The soldier had almost given up hope of saving his son when he remembered the old devil who had signed a promise written in his own blood to serve the soldier faithfully wherever and whenever there should be need. He remembered this, and said to himself: "Where the devil has my old devil hidden himself all this time?"
And he had scarcely said this when suddenly there was the little old devil standing in front of him, dressed like a peasant in a little shirt and breeches, trembling with fright and asking: "How can I serve your Excellency?"
"See here," says the soldier. "My son is ill. Do you happen to know how to cure him?"
The little old devil took a glass from his pocket and filled it with cold water and set it on the sick child's forehead.
"Come here, your Excellency," says he, "and look into the glass of water."
The soldier came and looked in the glass.
"And what does your Excellency see?" asked the little old devil, who was so much afraid of the soldier that he trembled and could hardly speak.
"I see Death, like a little old woman, standing at my son's feet."
"Be easy," says the little old devil, "for if Death is standing at your son's feet he will be well again. But if Death were standing at his head then nothing could save him."
And with that the little old devil lifted the glass and splashed the cold water over the sick child, and the next minute there was the little boy crawling about and laughing and crowing as if he had never been sick in his life.
"Give me that glass," says the soldier, "and we'll cry quits."
The little old devil gave him the glass. And the soldier gave back the promise which the devil had signed in his own blood. As soon as the little old devil had that promise in his hand he gave one look at the soldier and fled away as if the blacksmiths had only that minute stopped beating him on the anvil.

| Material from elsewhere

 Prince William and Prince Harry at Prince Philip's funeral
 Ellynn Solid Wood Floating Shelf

And the soldier after that set up as a wise man and put all the doctors out of business, curing the boyars and generals. He would just look in his glass, and if Death stood at a sick man's feet, he threw the water over him and cured him. If Death stood at the sick man's head, he said: "It's all up with you," and the sick man died as sure as fate.

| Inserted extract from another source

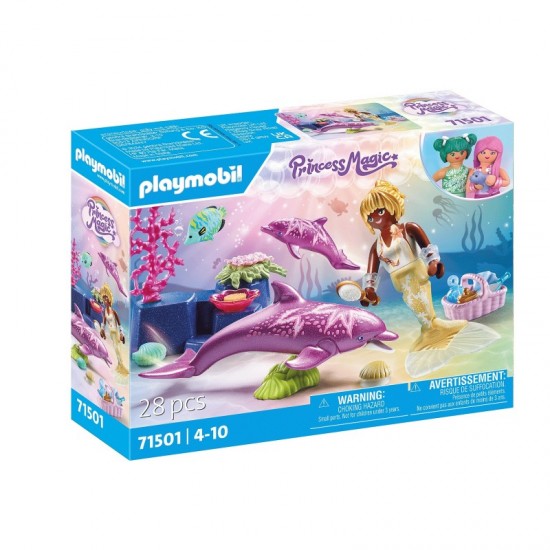 Playmobil Princess Magic Γοργόνα με Δελφίνια 71501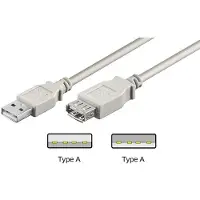 Pro goobay - Rallonge de câble USB - USB (F) pour USB (M) - USB 2.0 - 60 cm - gris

All went well until the Tzar himself fell ill and sent for the soldier to cure him.
The soldier went in, and the Tzar greeted him as his own brother, and prayed him to be quick, as he felt the sickness growing upon him as he lay. The soldier poured cold water in the glass, and set it on the Tzar's forehead, and looked and looked again, and saw Death standing at the Tzar's head.
"O Tzar," says the soldier, "it's all up with you. Death is waiting by your head, and you have but a few minutes left to live."

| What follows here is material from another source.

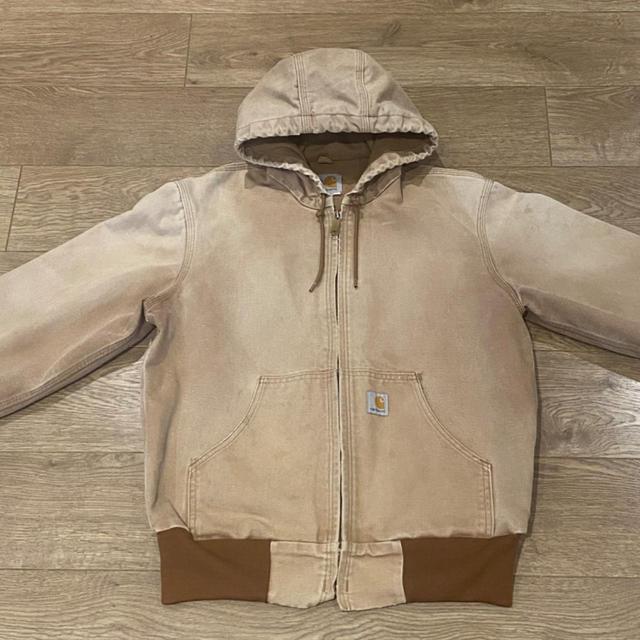 Carhartt Men's Bomber Jacket - Tan - M on Productcaster.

"What?" cries the Tzar, "you cure my boyars and generals and you will not cure me who am Tzar, and have treated you as my own born brother. If I've only a few minutes to live I've time enough to give orders for you to be beheaded."
The soldier thought and thought, and he begged Death: "O Death," says he, "give my life to the Tzar and kill me instead. Better to die so than to end by being shamefully beheaded!"
He looked once more in the glass, and saw that the little old woman Death had shifted from the Tzar's head and was now standing at his feet. He picked up the glass and splashed the water over the Tzar, and there was the Tzar as well and healthy as ever he had been.